At the moment the historic dockyard at Deptford has no working links with its wonderful history. Building a ship which was a significant part of the dockyard’s past would regenerate the area and help restore the eminence Deptford once enjoyed. It would also help bridge the maritime cultural gap with Greenwich. For a modest entrance fee, visitors would be able to see the ship being built and some of the traditional skills used to build her. They would experience all this in close proximity to structures that were contemporary to her construction, such as the Master Shipwright’s house and other surviving buildings.

While locals were hoping Lewisham Council could force Hutchison Whampoa to incorporate these ideas into the Convoys development, Johnson’s intervention puts all this at risk.

As well as the Lenox site, there’s also an excellent analysis of the issue at Deptford Is…. Anyone who cares about Greenwich should be caring about this issue too – because the consequences of what happens at Convoys Wharf will be felt far beyond a small corner of riverside Deptford.

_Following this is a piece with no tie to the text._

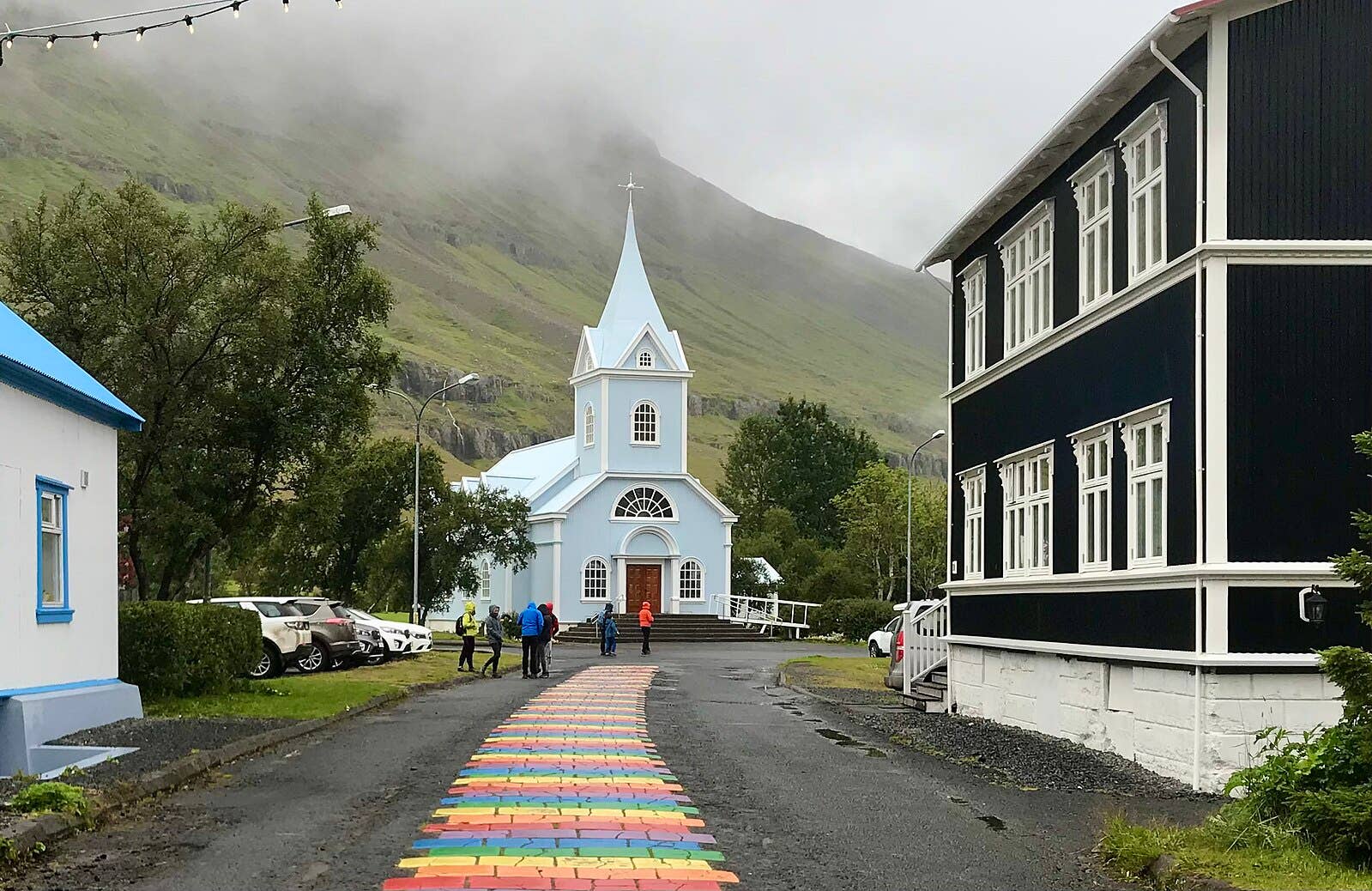 Rainbow Street leading toward Seyðisfjörður Church with visitors, parked cars, and low clouds on the mountain behind.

13 replies on “Convoys Wharf: Deptford in dread after mayor Boris takes charge”

  1. I’ve only briefly read the issues with this development, and do have problems with many of the points raised including the bypassing of its history, but London has to build upwards. It needs to just to provide a decent quality of life to the existing population let alone the population increase of 1 million in the next 10 years. High density towers & homes mainly in zones 1-2 will need to be built. The issues are building them whilst embracing the historic elements of sites, providing many of the homes at an affordable rent or purchase price, and ensuring they are of a good size with good facilities.

  2. Is it possible to apply pressure directly to the Mayor? It’s all well and good saying we should support the adoption of heritage measures, but how to do so, now that it’s in Boris’ hands?

  3. This opens up the possibility of Boris butting in whenever development is wanted, especially on the river. If the general quality is as shoddy as reported by one of your other bloggers then it is a scarey future. This kind of fight will come expensive.
    I have no idea how to protest or put on pressure but it sounds like the people of Deptford need a good lawyer with an interest in planning and environmental issues who could do some work for free and some support from the national media.

  4. Fromthemurkydepths: I think one of the main objections is that this development is not going to benefit ordinary people and will not be affordable, and won’t provide the quality of life that you quite rightly mention. 3000 of the 3500 units are to be sold to overseas speculators, so I hear. So yet another just-for-profit development that will benefit only the developers and not anything to solve the housing shortage. In fact it will add to traffic congestion and price out local people as the area is cleansed of character and anyone who isn’t well-off. So, unfortunately, this development is not only aesthetically objectionable but, more importantly, won’t be in the interests of the community (except the developer’s community).

  5. Yeah, fair enough, I know what you mean 🙂 And there is something to be said for sensitive, well-planned high rise buildings in inner London. If they are planned well, not too massive and made and available to locals they could save space and help communities, although these are a bit insanely tall! Let’s hope Boris doesn’t just steamroll these plans through because they don’t like having to wait for a well-thought-out planning decision.

  6. Overseas investors / speculators fund the building of thousands of London homes which wouldn’t otherwise get built and which put some downward pressure on rents for Londoners. Londoners generally look to buy period properties or conversions over new build so outside zone 1 overseas buyers and locals aren’t even in competition. As long as the towers they put up aren’t too offensive to look at I think it’s win-win – I wouldn’t say these are ugly, just a bit bland.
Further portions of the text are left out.